Another resource that I failed to note is The National Association of Women in Real Estate Businesses (NAWRB). NAWRB is a leading voice for women in the housing ecosystem. NAWRB is dedicated to providing women the tools and opportunities for economic growth and expansion, while advocating and promoting women-owned businesses. NAWRB is the only third-party industry-specific certifier of Women-Owned Businesses (WOB) and Minority Women-Owned Businesses (MWOB) in the housing economy.

NAWRB provides a unique platform for uniting Women in Housing and Women in Government including educational training on contracting opportunities both government and private, to expand our members’ business growth.

NAWRB empowers women in our advocacy relationships with the Office(s) of Minority and Women Inclusion (OMWI), Government Sponsored Enterprises (GSE), the Small Business Administration (SBA), the National Women’s Business Council (NWBC) and other organizations. Since August of 2010, NAWRB has been championing the OMWIs, to bring more diversity and inclusion to our industry with their awareness, opportunities and access.

The blog on NAWRB recently posted about an article from National Real Estate Investor (October 2015) which discusses current and past history of discrimination against women in Commercial Real Estate.
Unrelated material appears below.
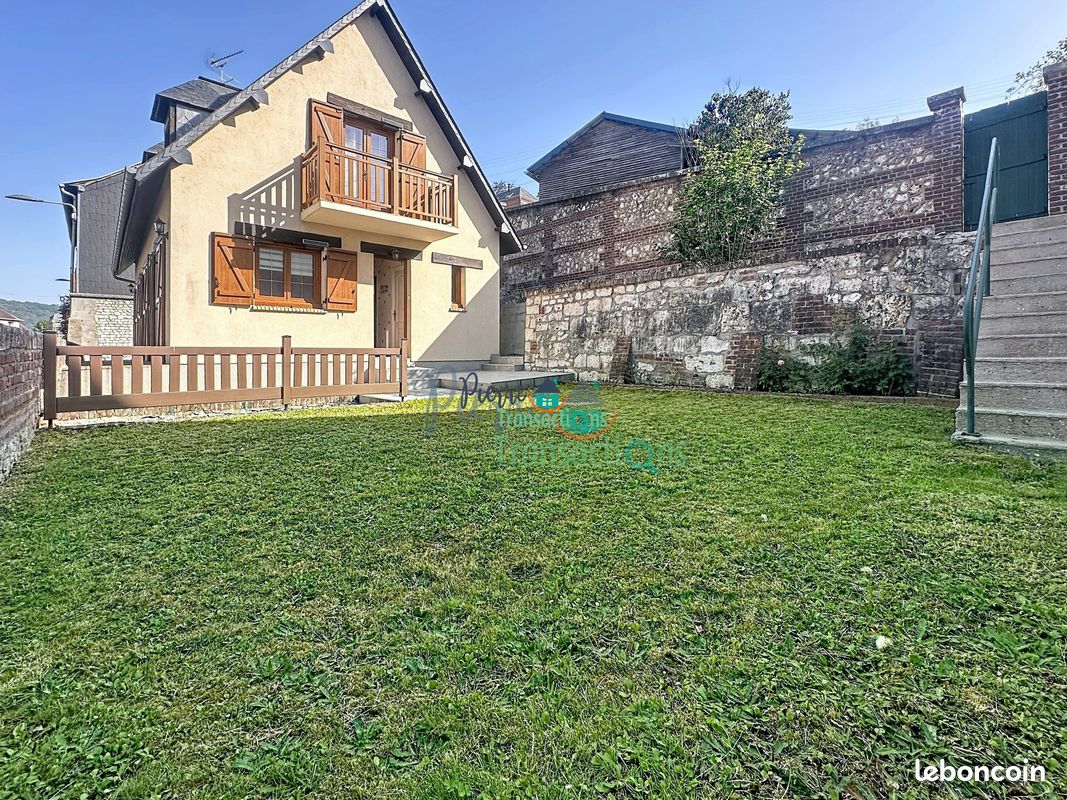 Maison 4 pièces 101 m² · à Rives-en-Seine · 101 m² · 243 400 €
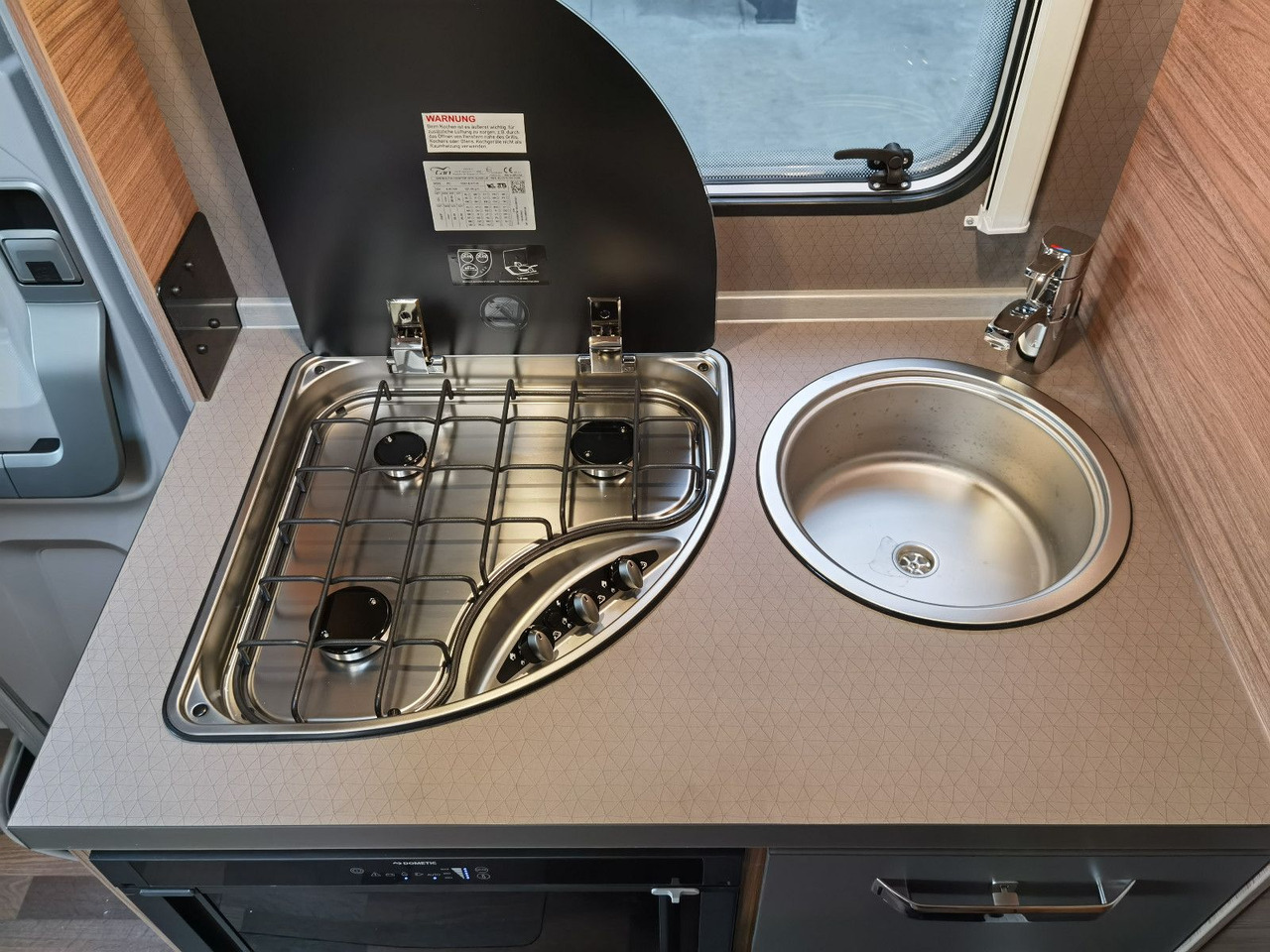 Autocaravana capuchina Weinsberg CARAHOME 550 MG /- 2025 - / 140 PS / NUR 5.97M: foto 17 Autocaravana capuchina Weinsberg CARAHOME 550 MG /- 2025 - / 140 PS / NUR 5.97M: foto 17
Desiree Patno, the CEO and founder of NAWRB is quoted in the original. The last line of the article exemplifies the one percent I speak of, “Grant Thorton LLP, an independent audit, tax and business advisory firm, estimates that there has been only a 1 percent increase in women in senior management roles at U.S. companies in the last 10 years and that only 6 percent of women in senior management roles have reached the position of CEO.”

A more recent article in 2016 asks, “Are Women Really Making Progress in the Commercial Real Estate Industry?”  is based on a study by the CREW Network. It largely depends on how you define progress…so I will say no overall. The 10% decrease of women in brokerage stood out to me while asset management and development increased. The brokerage side of the business has the easiest point of entry but the most difficult to stay in.

“Between 2006 and 2015, the real estate industry experienced increases in the percentage of women professionals in the asset management (51 percent to 54 percent) and development (23 percent to 38 percent) sectors. The percentage of women in brokerage and finance has declined over the same period—from 39 percent to 29 percent in brokerage and from 44 percent to 42 percent in finance.”

The aforementioned reiterates the importance of organizations like NAWRB, CREW and women and minorities to continue fighting to make the industry a true reflection of the people it serves.